*** Begin section ***

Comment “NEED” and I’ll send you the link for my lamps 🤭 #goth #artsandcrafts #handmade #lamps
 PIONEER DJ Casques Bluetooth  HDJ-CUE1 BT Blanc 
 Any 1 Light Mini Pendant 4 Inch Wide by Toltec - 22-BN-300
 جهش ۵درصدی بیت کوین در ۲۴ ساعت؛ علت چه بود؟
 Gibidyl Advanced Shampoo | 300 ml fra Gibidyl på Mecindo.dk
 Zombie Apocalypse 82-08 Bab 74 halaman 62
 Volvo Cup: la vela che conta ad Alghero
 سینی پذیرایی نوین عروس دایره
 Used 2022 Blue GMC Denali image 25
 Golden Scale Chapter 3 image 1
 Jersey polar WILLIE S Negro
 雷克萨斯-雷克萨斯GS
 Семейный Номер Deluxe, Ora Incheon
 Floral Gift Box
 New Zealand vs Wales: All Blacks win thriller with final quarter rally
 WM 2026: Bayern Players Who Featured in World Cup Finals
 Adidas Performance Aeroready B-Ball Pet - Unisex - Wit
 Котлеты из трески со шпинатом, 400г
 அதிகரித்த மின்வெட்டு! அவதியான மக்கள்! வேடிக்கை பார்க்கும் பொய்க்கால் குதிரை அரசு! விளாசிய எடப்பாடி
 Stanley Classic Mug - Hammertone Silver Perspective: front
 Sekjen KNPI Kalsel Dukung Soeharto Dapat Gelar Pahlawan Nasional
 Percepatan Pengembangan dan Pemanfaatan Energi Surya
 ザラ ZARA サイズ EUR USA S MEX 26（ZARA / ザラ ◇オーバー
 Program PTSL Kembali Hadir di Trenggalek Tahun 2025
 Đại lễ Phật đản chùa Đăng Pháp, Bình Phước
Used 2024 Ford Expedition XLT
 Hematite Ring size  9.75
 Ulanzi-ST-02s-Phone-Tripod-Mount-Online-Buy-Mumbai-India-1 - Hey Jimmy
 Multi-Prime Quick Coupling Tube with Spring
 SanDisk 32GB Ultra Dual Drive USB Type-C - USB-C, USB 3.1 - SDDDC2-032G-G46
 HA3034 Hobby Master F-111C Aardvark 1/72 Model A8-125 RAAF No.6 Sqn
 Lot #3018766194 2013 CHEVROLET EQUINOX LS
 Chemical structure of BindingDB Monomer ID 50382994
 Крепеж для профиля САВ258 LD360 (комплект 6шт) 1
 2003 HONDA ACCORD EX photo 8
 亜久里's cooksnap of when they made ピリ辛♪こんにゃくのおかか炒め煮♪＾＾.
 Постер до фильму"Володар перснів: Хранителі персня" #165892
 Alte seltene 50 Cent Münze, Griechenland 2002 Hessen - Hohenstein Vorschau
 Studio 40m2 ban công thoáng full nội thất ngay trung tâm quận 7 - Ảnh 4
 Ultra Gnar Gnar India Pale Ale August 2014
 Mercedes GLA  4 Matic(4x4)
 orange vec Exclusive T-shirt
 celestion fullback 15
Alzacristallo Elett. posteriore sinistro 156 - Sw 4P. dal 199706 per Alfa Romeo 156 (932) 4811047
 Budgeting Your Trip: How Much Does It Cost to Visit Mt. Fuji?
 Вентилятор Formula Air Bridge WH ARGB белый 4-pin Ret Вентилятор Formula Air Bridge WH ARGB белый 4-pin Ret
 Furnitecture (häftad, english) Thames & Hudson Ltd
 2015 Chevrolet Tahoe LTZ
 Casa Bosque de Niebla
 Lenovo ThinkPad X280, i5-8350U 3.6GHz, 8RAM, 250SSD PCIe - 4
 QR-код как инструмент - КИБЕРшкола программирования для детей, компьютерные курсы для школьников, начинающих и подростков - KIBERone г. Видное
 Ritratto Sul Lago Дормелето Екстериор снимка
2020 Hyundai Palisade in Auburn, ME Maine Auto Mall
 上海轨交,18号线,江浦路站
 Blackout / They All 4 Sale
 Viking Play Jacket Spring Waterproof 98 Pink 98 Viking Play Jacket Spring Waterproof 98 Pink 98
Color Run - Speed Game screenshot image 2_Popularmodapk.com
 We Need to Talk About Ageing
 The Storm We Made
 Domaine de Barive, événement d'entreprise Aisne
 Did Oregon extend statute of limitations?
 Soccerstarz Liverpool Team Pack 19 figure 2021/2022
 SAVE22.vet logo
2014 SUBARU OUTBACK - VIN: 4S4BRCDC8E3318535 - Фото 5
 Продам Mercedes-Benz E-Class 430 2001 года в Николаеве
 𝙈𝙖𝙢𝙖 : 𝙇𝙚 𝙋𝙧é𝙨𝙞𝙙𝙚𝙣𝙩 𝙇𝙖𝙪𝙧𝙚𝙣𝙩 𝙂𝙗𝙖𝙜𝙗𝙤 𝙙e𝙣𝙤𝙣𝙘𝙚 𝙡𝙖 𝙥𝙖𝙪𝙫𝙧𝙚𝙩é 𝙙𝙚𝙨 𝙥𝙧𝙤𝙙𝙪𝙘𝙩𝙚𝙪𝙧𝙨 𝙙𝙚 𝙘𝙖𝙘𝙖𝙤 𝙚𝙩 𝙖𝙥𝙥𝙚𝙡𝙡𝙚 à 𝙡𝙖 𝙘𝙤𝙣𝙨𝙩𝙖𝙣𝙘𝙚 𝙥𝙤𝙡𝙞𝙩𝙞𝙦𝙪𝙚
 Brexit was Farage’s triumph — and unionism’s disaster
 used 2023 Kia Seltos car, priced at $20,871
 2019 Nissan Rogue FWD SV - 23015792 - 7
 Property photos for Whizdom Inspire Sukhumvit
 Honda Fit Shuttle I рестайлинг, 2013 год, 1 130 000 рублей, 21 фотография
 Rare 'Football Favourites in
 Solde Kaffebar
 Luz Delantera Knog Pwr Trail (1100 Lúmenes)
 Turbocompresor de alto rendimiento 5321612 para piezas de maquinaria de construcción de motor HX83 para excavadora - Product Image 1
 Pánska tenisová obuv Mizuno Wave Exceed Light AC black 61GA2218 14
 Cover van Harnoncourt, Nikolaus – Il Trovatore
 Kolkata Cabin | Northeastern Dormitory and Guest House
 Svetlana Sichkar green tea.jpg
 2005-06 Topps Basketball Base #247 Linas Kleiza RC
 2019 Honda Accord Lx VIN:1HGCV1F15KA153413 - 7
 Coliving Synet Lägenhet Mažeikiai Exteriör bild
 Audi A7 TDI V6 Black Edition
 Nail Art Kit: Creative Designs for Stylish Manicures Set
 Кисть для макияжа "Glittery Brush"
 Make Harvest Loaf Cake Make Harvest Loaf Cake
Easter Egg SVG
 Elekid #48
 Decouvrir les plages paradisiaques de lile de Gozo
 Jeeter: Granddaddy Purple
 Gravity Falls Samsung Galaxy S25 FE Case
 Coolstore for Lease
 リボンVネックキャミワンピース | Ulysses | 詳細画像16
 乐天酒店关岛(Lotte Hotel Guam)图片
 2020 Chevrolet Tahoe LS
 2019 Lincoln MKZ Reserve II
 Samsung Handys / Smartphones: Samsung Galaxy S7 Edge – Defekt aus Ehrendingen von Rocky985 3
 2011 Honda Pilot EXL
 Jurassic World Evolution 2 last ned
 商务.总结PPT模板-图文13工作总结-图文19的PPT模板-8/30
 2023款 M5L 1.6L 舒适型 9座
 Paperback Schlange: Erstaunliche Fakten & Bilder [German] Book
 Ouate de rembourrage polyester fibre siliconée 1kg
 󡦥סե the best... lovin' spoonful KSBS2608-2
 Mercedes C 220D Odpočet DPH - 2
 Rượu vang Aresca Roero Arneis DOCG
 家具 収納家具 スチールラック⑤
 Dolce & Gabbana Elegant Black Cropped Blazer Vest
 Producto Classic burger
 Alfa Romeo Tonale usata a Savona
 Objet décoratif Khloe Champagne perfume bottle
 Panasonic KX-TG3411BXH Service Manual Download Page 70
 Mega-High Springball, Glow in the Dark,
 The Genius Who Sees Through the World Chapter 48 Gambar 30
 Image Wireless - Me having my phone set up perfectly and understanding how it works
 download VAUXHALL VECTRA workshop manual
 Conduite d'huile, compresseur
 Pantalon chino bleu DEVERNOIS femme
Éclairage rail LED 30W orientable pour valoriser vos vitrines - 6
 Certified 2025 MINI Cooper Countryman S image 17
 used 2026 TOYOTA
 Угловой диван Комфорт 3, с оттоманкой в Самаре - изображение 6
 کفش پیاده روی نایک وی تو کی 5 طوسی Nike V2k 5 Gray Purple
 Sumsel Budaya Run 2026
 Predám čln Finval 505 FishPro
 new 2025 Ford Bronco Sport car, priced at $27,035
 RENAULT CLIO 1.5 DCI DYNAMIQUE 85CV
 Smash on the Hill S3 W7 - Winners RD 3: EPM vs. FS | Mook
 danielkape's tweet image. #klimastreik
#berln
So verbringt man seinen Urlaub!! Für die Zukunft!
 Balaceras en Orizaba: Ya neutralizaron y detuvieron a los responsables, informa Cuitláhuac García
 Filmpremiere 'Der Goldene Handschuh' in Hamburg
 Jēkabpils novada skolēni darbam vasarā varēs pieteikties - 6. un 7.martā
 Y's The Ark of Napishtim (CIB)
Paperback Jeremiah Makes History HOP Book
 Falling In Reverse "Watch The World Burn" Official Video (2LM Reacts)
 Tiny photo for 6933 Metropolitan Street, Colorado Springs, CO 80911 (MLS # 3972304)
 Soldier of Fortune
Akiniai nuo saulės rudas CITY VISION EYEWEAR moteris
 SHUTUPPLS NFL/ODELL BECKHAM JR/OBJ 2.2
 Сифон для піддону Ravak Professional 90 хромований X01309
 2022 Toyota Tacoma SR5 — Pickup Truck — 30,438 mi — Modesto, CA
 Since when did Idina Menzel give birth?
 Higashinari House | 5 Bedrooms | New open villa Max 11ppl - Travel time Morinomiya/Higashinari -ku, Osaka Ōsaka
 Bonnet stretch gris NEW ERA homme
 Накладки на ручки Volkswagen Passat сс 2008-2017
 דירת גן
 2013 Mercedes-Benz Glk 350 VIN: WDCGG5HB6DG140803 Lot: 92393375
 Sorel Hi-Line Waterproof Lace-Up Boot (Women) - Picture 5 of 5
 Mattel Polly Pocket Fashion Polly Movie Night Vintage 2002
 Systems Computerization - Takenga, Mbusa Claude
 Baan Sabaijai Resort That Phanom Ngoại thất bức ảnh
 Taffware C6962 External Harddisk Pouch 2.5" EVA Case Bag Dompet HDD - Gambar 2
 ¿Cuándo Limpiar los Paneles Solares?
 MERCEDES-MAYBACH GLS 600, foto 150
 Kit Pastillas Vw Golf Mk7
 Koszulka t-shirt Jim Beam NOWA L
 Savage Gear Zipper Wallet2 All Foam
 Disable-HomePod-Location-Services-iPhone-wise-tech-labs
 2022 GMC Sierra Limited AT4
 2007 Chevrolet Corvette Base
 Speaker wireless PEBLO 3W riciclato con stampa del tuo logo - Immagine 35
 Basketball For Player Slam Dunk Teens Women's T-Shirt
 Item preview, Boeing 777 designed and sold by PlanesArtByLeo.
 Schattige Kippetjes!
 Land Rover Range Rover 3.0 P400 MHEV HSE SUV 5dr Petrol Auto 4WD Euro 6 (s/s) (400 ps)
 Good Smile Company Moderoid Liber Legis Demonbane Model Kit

*** End section ***

§ HOW TO COMPLETE THIS TASK
Could you set down, word for word, only the lines above from the line with "Did Oregon extend statute of limitations?" to the line with "Luz Delantera Knog Pwr Trail (1100 Lúmenes)", including both?

§ ANSWER SPACE
 Did Oregon extend statute of limitations?
 Soccerstarz Liverpool Team Pack 19 figure 2021/2022
 SAVE22.vet logo
2014 SUBARU OUTBACK - VIN: 4S4BRCDC8E3318535 - Фото 5
 Продам Mercedes-Benz E-Class 430 2001 года в Николаеве
 𝙈𝙖𝙢𝙖 : 𝙇𝙚 𝙋𝙧é𝙨𝙞𝙙𝙚𝙣𝙩 𝙇𝙖𝙪𝙧𝙚𝙣𝙩 𝙂𝙗𝙖𝙜𝙗𝙤 𝙙e𝙣𝙤𝙣𝙘𝙚 𝙡𝙖 𝙥𝙖𝙪𝙫𝙧𝙚𝙩é 𝙙𝙚𝙨 𝙥𝙧𝙤𝙙𝙪𝙘𝙩𝙚𝙪𝙧𝙨 𝙙𝙚 𝙘𝙖𝙘𝙖𝙤 𝙚𝙩 𝙖𝙥𝙥𝙚𝙡𝙡𝙚 à 𝙡𝙖 𝙘𝙤𝙣𝙨𝙩𝙖𝙣𝙘𝙚 𝙥𝙤𝙡𝙞𝙩𝙞𝙦𝙪𝙚
 Brexit was Farage’s triumph — and unionism’s disaster
 used 2023 Kia Seltos car, priced at $20,871
 2019 Nissan Rogue FWD SV - 23015792 - 7
 Property photos for Whizdom Inspire Sukhumvit
 Honda Fit Shuttle I рестайлинг, 2013 год, 1 130 000 рублей, 21 фотография
 Rare 'Football Favourites in
 Solde Kaffebar
 Luz Delantera Knog Pwr Trail (1100 Lúmenes)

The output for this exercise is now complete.